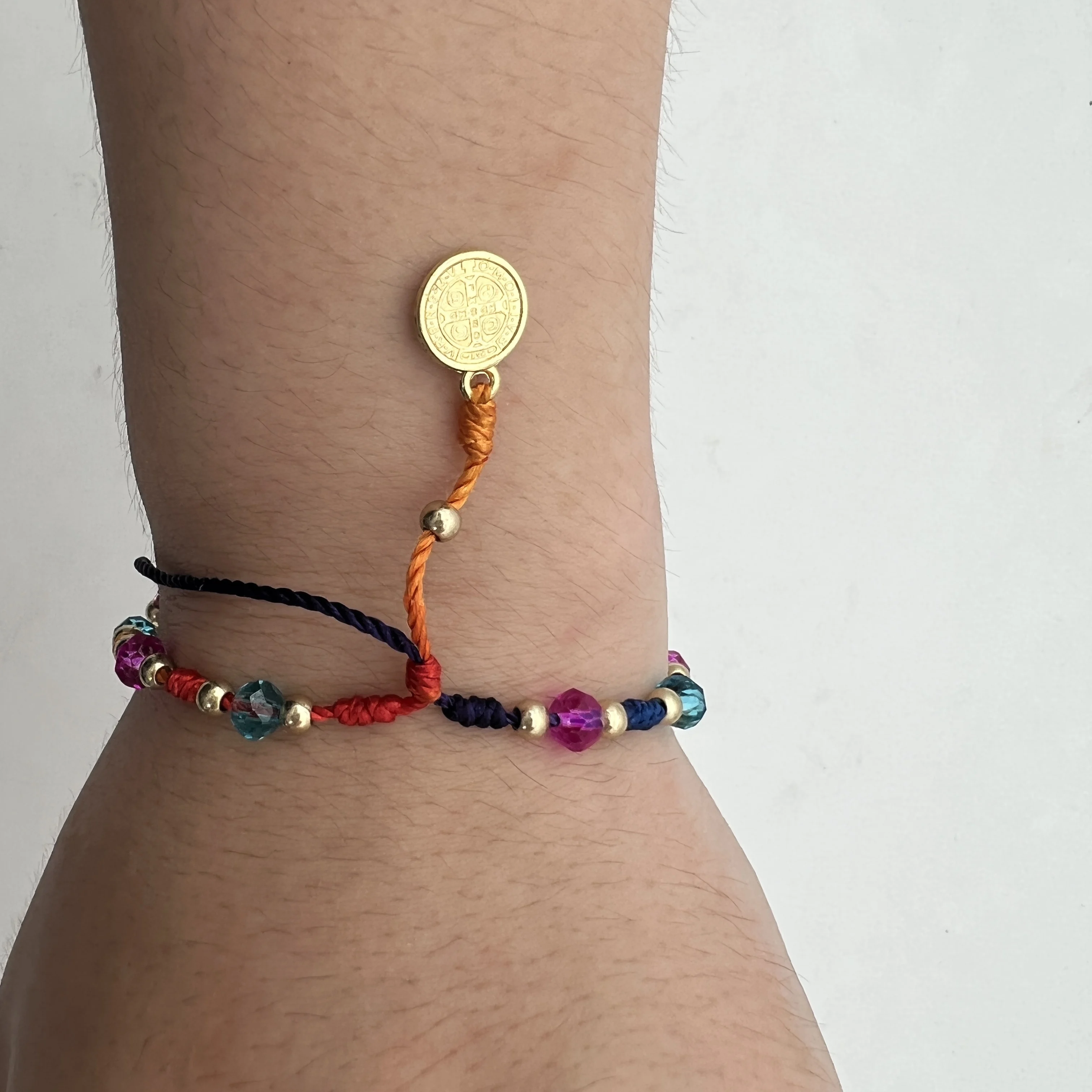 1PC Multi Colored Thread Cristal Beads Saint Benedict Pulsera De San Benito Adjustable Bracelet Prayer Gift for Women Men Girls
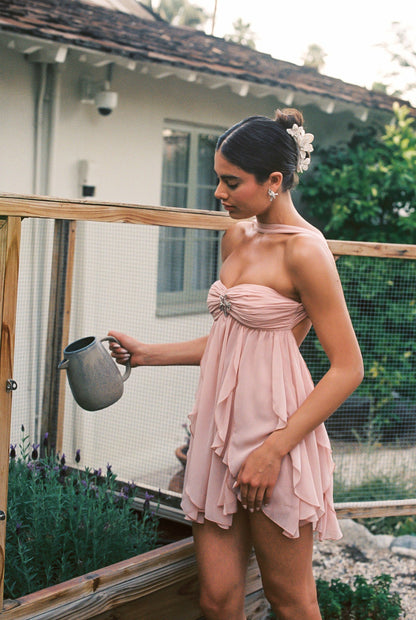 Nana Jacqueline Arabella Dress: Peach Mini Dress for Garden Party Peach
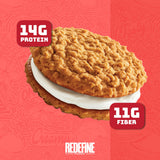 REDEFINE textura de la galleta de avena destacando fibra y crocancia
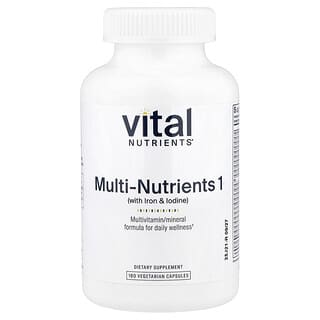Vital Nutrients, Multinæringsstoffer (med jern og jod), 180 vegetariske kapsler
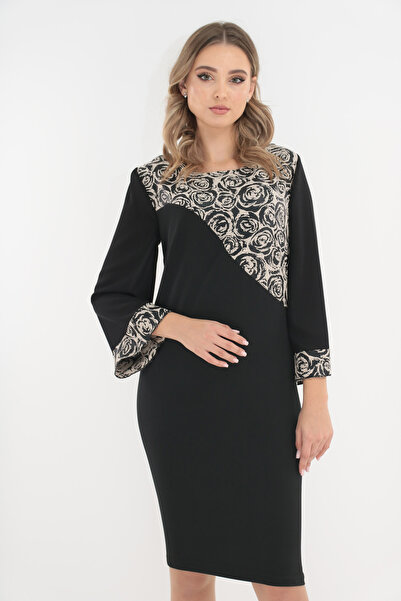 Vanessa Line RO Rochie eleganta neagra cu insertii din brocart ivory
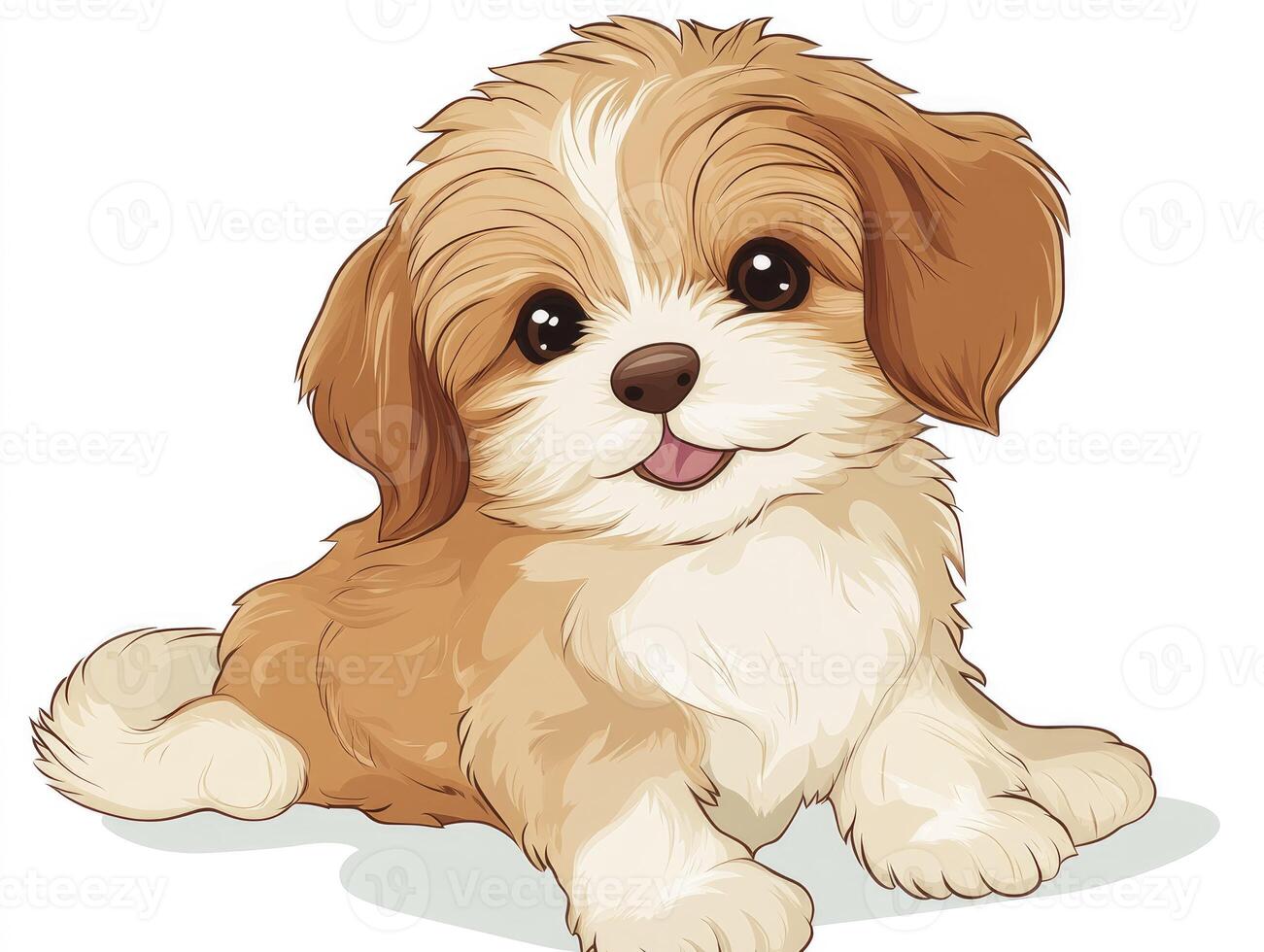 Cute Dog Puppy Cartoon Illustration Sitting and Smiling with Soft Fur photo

--------

EXERCISE PROMPT = Copy the listing above word for word. Do not include the pictures.

ANSWER TO THE PROBLEM =
 1PC Multi Colored Thread Cristal Beads Saint Benedict Pulsera De San Benito Adjustable Bracelet Prayer Gift for Women Men Girls
 Nana Jacqueline Arabella Dress: Peach Mini Dress for Garden Party Peach
 REDEFINE textura de la galleta de avena destacando fibra y crocancia
Vital Nutrients, Multinæringsstoffer (med jern og jod), 180 vegetariske kapsler
 Vanessa Line RO Rochie eleganta neagra cu insertii din brocart ivory
 Cute Dog Puppy Cartoon Illustration Sitting and Smiling with Soft Fur photo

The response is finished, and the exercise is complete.